Year 2023, Volume: 5 Issue: 1, 33 - 47, 20.01.2023

Ahmet Elbir , Mehmet Erhan Şahin , Arif Emre Özgür , Hilmi Cenk Bayrakçı

https://doi.org/10.47933/ijeir.1187448

Cited By: 2

Abstract

Sustainable and innovative technologies offer us the inevitable opportunity to use the last drop of energy. In this study, gradual compression and gradual expansion were carried out with intermediate heat exchangers in single and double stage S-CO2 brayton cycles operating at the same operating temperature ranges. The ORC (Organic Rankine Cycle) is integrated from the system's waste heat source. The performance characteristics of the S-CO2 power systems and the combined ORC system, as well as the energy and energy analysis results of the system components for each component, are presented in tables. The performance of the gradual compression and gradual expansion systems, the operating conditions of the stepless system operating under the same operating conditions, were examined.
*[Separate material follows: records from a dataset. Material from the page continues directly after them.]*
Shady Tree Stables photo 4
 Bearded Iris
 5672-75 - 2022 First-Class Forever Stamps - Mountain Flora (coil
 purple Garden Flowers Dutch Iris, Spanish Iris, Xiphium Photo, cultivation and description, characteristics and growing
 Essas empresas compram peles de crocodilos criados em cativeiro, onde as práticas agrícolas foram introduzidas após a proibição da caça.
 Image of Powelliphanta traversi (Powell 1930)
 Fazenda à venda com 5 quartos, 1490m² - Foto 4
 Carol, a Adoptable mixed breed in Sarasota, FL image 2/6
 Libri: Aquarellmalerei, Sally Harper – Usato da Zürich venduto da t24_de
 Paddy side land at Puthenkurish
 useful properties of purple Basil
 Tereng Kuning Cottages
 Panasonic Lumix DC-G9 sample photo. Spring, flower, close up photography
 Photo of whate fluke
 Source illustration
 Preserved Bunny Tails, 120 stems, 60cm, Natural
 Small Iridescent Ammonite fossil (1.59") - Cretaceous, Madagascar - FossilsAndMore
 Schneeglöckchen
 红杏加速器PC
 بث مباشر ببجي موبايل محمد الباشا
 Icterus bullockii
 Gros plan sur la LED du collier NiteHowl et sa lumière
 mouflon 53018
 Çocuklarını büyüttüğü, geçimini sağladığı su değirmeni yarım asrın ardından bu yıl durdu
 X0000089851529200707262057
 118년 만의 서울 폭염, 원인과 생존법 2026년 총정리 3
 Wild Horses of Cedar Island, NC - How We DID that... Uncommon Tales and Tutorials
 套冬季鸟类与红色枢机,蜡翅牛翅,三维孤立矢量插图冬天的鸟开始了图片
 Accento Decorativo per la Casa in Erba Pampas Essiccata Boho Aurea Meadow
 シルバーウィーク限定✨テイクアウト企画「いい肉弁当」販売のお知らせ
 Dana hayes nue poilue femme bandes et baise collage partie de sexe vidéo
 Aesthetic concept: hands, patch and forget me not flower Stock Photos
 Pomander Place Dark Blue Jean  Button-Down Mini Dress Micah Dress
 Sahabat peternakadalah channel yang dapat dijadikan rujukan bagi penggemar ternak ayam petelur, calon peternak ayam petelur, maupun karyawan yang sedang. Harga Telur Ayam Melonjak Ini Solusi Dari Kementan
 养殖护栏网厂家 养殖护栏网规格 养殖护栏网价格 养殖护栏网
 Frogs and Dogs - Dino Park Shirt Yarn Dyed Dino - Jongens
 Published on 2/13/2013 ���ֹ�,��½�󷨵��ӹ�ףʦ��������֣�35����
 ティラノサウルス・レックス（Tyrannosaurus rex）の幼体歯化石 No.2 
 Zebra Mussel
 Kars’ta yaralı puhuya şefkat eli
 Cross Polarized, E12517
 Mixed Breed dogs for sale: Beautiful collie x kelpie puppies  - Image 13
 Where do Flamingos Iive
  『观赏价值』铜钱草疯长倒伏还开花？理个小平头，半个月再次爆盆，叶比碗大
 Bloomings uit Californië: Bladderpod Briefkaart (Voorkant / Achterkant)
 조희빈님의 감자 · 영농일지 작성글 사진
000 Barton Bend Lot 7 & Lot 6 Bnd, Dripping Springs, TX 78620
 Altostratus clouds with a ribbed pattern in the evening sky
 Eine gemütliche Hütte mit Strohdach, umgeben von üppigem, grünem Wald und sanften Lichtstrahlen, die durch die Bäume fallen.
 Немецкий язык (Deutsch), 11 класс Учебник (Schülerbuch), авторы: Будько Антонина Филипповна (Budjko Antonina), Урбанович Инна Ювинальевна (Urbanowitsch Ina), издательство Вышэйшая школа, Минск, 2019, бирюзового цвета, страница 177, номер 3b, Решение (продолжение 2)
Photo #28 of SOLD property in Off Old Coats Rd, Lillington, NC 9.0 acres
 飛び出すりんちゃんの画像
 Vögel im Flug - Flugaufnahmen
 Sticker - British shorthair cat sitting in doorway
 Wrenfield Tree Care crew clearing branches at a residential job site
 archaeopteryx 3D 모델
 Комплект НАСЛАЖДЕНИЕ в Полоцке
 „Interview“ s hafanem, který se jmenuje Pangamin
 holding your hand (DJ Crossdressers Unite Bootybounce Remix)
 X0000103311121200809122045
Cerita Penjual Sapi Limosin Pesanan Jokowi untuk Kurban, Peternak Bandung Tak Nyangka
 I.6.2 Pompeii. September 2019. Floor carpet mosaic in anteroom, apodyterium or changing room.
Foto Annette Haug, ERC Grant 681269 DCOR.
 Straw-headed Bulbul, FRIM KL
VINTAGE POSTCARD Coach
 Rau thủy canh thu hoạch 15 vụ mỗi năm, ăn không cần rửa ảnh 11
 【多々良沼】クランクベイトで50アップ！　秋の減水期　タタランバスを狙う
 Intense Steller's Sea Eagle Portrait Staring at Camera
It has been reported that there is an increase in electricity generation of 136% and an increase in thermal efficiency of 22% when switching from single-stage to double-stage. The addition of the ORC system to the single-stage and double-stage systems increased the thermal efficiency by 10.2% and the net work by 39.75KW. When switching from single stage to double stage, energy destruction increased by 86% and energy efficiency decreased by 1%. The addition of the ORC system to the single-stage and double-stage systems increased the energy efficiency by 15% and the energy destruction by 44.27KW. As a result, nature-friendly CO2 shows us that it is an alternative, innovative, and sustainable source in low temperature applications.

Keywords

Brayton cycle, S_CO2, ORC, Enegy analysis, Exergy analysis.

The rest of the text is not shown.